**Task brief**. Repeat each of these records exactly.

Exercise materials: Begin

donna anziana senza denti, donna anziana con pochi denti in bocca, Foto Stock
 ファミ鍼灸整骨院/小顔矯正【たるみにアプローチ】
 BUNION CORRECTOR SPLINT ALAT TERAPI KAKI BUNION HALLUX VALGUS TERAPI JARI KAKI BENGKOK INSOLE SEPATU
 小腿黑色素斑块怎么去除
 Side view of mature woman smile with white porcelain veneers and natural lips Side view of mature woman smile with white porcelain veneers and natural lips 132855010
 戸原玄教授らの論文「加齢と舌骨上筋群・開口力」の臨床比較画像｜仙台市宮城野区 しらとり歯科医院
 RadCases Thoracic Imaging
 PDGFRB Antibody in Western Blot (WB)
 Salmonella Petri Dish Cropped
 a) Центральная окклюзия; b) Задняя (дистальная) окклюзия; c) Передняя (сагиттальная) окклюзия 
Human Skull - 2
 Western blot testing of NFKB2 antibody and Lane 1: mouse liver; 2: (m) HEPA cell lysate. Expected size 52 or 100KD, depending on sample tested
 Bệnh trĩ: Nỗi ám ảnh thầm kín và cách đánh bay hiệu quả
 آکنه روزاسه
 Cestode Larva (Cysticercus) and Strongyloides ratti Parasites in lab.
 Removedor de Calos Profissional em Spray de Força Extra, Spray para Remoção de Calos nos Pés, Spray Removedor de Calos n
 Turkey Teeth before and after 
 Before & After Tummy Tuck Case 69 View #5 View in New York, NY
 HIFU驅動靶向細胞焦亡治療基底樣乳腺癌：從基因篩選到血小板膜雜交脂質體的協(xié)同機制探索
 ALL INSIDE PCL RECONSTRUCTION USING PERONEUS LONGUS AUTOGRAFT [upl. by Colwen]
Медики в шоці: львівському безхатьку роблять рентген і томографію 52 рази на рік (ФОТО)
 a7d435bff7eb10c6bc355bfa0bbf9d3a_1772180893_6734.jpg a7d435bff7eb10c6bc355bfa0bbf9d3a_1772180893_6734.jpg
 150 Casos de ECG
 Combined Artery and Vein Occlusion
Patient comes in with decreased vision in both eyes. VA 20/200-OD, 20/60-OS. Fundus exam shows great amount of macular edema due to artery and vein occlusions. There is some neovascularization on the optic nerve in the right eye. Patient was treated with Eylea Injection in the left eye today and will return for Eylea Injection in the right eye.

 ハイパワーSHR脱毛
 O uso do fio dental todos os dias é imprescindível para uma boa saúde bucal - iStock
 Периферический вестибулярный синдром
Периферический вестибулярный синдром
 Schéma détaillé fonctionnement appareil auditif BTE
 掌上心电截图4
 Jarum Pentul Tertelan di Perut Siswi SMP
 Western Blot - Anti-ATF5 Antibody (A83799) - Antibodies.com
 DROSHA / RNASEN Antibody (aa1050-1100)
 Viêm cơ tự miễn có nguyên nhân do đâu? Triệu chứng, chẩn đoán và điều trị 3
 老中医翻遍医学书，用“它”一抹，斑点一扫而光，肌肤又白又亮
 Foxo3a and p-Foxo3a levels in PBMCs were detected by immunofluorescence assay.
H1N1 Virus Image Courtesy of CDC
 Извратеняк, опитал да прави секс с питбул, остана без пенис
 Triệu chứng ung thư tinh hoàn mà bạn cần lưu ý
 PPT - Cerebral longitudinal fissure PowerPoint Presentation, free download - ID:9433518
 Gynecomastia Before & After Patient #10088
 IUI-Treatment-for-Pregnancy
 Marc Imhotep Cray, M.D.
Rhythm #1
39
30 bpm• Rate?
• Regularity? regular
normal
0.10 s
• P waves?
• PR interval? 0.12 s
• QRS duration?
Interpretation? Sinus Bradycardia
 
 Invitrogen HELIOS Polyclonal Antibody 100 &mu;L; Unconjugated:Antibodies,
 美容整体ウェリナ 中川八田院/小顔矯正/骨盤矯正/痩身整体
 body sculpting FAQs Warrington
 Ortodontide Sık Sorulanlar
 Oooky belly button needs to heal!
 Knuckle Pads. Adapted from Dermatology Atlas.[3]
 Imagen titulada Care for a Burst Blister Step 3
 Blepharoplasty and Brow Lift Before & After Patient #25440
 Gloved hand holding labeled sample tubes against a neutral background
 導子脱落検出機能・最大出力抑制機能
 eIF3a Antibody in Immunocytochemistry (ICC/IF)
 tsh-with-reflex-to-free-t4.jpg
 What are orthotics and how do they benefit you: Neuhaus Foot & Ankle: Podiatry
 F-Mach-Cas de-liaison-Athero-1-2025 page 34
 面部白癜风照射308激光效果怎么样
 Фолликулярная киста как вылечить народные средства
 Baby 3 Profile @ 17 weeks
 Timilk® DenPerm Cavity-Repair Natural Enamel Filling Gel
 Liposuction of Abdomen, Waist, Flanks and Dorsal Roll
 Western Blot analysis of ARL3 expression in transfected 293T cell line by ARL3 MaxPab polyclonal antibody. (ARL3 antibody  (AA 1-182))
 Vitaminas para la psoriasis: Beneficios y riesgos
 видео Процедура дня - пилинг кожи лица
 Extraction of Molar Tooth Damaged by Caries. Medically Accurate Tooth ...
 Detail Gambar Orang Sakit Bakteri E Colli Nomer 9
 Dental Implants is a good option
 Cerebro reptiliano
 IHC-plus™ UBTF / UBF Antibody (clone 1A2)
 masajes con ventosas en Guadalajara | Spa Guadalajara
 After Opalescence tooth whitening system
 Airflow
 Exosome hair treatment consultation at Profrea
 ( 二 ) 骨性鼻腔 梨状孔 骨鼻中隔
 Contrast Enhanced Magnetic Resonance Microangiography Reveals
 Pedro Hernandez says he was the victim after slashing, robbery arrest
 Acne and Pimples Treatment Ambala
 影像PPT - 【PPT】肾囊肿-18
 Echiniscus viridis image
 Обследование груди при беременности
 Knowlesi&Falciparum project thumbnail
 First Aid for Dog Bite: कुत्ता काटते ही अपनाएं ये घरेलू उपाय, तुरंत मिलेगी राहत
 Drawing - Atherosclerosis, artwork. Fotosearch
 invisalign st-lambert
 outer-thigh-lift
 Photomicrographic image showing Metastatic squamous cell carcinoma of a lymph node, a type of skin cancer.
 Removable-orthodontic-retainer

Exercise materials: End

**Reply to the exercise**.
donna anziana senza denti, donna anziana con pochi denti in bocca, Foto Stock
 ファミ鍼灸整骨院/小顔矯正【たるみにアプローチ】
 BUNION CORRECTOR SPLINT ALAT TERAPI KAKI BUNION HALLUX VALGUS TERAPI JARI KAKI BENGKOK INSOLE SEPATU
 小腿黑色素斑块怎么去除
 Side view of mature woman smile with white porcelain veneers and natural lips Side view of mature woman smile with white porcelain veneers and natural lips 132855010
 戸原玄教授らの論文「加齢と舌骨上筋群・開口力」の臨床比較画像｜仙台市宮城野区 しらとり歯科医院
 RadCases Thoracic Imaging
 PDGFRB Antibody in Western Blot (WB)
 Salmonella Petri Dish Cropped
 a) Центральная окклюзия; b) Задняя (дистальная) окклюзия; c) Передняя (сагиттальная) окклюзия 
Human Skull - 2
 Western blot testing of NFKB2 antibody and Lane 1: mouse liver; 2: (m) HEPA cell lysate. Expected size 52 or 100KD, depending on sample tested
 Bệnh trĩ: Nỗi ám ảnh thầm kín và cách đánh bay hiệu quả
 آکنه روزاسه
 Cestode Larva (Cysticercus) and Strongyloides ratti Parasites in lab.
 Removedor de Calos Profissional em Spray de Força Extra, Spray para Remoção de Calos nos Pés, Spray Removedor de Calos n
 Turkey Teeth before and after 
 Before & After Tummy Tuck Case 69 View #5 View in New York, NY
 HIFU驅動靶向細胞焦亡治療基底樣乳腺癌：從基因篩選到血小板膜雜交脂質體的協(xié)同機制探索
 ALL INSIDE PCL RECONSTRUCTION USING PERONEUS LONGUS AUTOGRAFT [upl. by Colwen]
Медики в шоці: львівському безхатьку роблять рентген і томографію 52 рази на рік (ФОТО)
 a7d435bff7eb10c6bc355bfa0bbf9d3a_1772180893_6734.jpg a7d435bff7eb10c6bc355bfa0bbf9d3a_1772180893_6734.jpg
 150 Casos de ECG
 Combined Artery and Vein Occlusion
Patient comes in with decreased vision in both eyes. VA 20/200-OD, 20/60-OS. Fundus exam shows great amount of macular edema due to artery and vein occlusions. There is some neovascularization on the optic nerve in the right eye. Patient was treated with Eylea Injection in the left eye today and will return for Eylea Injection in the right eye.

 ハイパワーSHR脱毛
 O uso do fio dental todos os dias é imprescindível para uma boa saúde bucal - iStock
 Периферический вестибулярный синдром
Периферический вестибулярный синдром
 Schéma détaillé fonctionnement appareil auditif BTE
 掌上心电截图4
 Jarum Pentul Tertelan di Perut Siswi SMP
 Western Blot - Anti-ATF5 Antibody (A83799) - Antibodies.com
 DROSHA / RNASEN Antibody (aa1050-1100)
 Viêm cơ tự miễn có nguyên nhân do đâu? Triệu chứng, chẩn đoán và điều trị 3
 老中医翻遍医学书，用“它”一抹，斑点一扫而光，肌肤又白又亮
 Foxo3a and p-Foxo3a levels in PBMCs were detected by immunofluorescence assay.
H1N1 Virus Image Courtesy of CDC
 Извратеняк, опитал да прави секс с питбул, остана без пенис
 Triệu chứng ung thư tinh hoàn mà bạn cần lưu ý
 PPT - Cerebral longitudinal fissure PowerPoint Presentation, free download - ID:9433518
 Gynecomastia Before & After Patient #10088
 IUI-Treatment-for-Pregnancy
 Marc Imhotep Cray, M.D.
Rhythm #1
39
30 bpm• Rate?
• Regularity? regular
normal
0.10 s
• P waves?
• PR interval? 0.12 s
• QRS duration?
Interpretation? Sinus Bradycardia
 
 Invitrogen HELIOS Polyclonal Antibody 100 &mu;L; Unconjugated:Antibodies,
 美容整体ウェリナ 中川八田院/小顔矯正/骨盤矯正/痩身整体
 body sculpting FAQs Warrington
 Ortodontide Sık Sorulanlar
 Oooky belly button needs to heal!
 Knuckle Pads. Adapted from Dermatology Atlas.[3]
 Imagen titulada Care for a Burst Blister Step 3
 Blepharoplasty and Brow Lift Before & After Patient #25440
 Gloved hand holding labeled sample tubes against a neutral background
 導子脱落検出機能・最大出力抑制機能
 eIF3a Antibody in Immunocytochemistry (ICC/IF)
 tsh-with-reflex-to-free-t4.jpg
 What are orthotics and how do they benefit you: Neuhaus Foot & Ankle: Podiatry
 F-Mach-Cas de-liaison-Athero-1-2025 page 34
 面部白癜风照射308激光效果怎么样
 Фолликулярная киста как вылечить народные средства
 Baby 3 Profile @ 17 weeks
 Timilk® DenPerm Cavity-Repair Natural Enamel Filling Gel
 Liposuction of Abdomen, Waist, Flanks and Dorsal Roll
 Western Blot analysis of ARL3 expression in transfected 293T cell line by ARL3 MaxPab polyclonal antibody. (ARL3 antibody  (AA 1-182))
 Vitaminas para la psoriasis: Beneficios y riesgos
 видео Процедура дня - пилинг кожи лица
 Extraction of Molar Tooth Damaged by Caries. Medically Accurate Tooth ...
 Detail Gambar Orang Sakit Bakteri E Colli Nomer 9
 Dental Implants is a good option
 Cerebro reptiliano
 IHC-plus™ UBTF / UBF Antibody (clone 1A2)
 masajes con ventosas en Guadalajara | Spa Guadalajara
 After Opalescence tooth whitening system
 Airflow
 Exosome hair treatment consultation at Profrea
 ( 二 ) 骨性鼻腔 梨状孔 骨鼻中隔
 Contrast Enhanced Magnetic Resonance Microangiography Reveals
 Pedro Hernandez says he was the victim after slashing, robbery arrest
 Acne and Pimples Treatment Ambala
 影像PPT - 【PPT】肾囊肿-18
 Echiniscus viridis image
 Обследование груди при беременности
 Knowlesi&Falciparum project thumbnail
 First Aid for Dog Bite: कुत्ता काटते ही अपनाएं ये घरेलू उपाय, तुरंत मिलेगी राहत
 Drawing - Atherosclerosis, artwork. Fotosearch
 invisalign st-lambert
 outer-thigh-lift
 Photomicrographic image showing Metastatic squamous cell carcinoma of a lymph node, a type of skin cancer.
 Removable-orthodontic-retainer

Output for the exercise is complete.